Leaving out all pictures, restate word for word the lines from the one with "شاندى باڵای وه‌زاره‌تى" through the last line of the entries.

Excerpts from a dataset:
▬▬▬▬▬▬▬▬▬▬

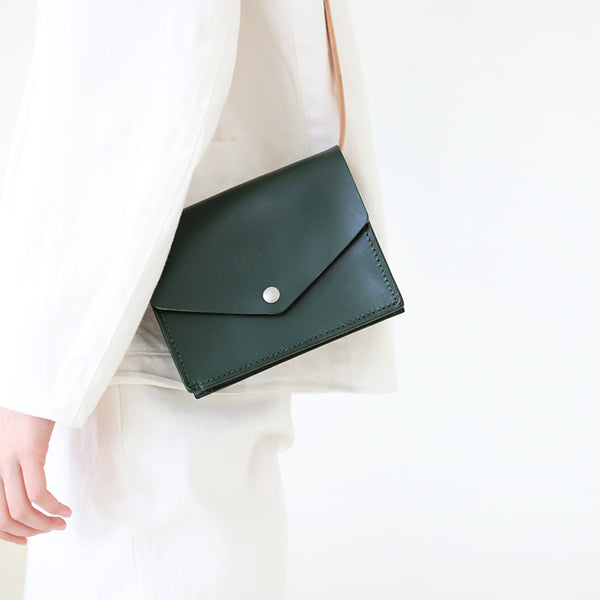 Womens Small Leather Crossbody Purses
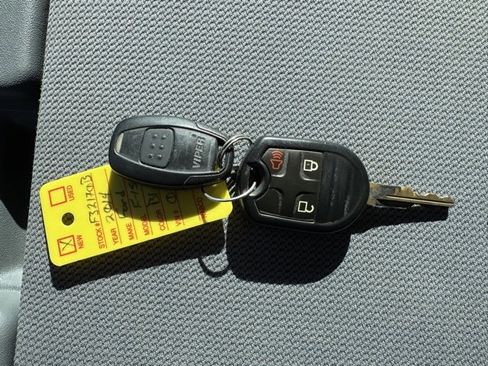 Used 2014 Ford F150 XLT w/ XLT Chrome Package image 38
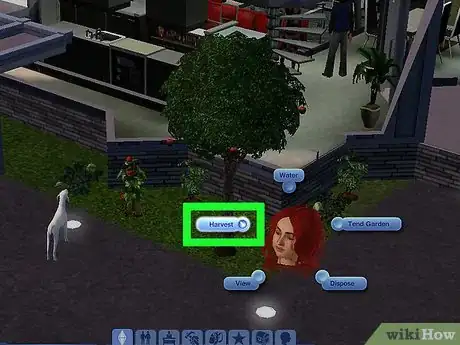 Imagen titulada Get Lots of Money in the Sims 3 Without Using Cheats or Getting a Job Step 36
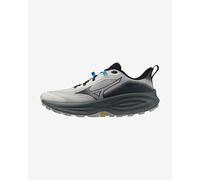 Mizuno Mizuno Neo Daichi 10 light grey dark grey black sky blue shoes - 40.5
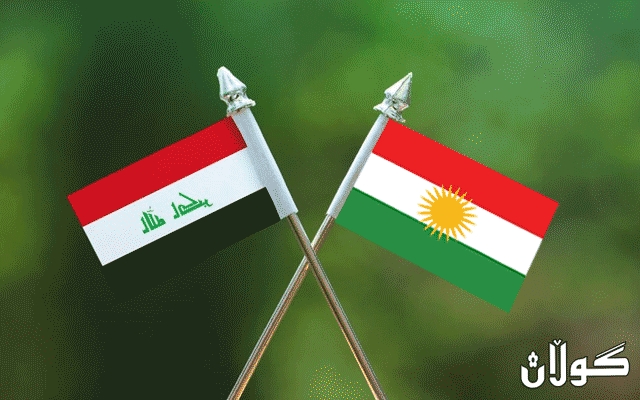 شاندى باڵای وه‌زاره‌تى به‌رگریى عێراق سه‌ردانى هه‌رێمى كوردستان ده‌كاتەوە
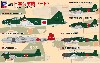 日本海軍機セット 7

▬▬▬▬▬▬▬▬▬▬

→ Exercise solution:
 شاندى باڵای وه‌زاره‌تى به‌رگریى عێراق سه‌ردانى هه‌رێمى كوردستان ده‌كاتەوە
 日本海軍機セット 7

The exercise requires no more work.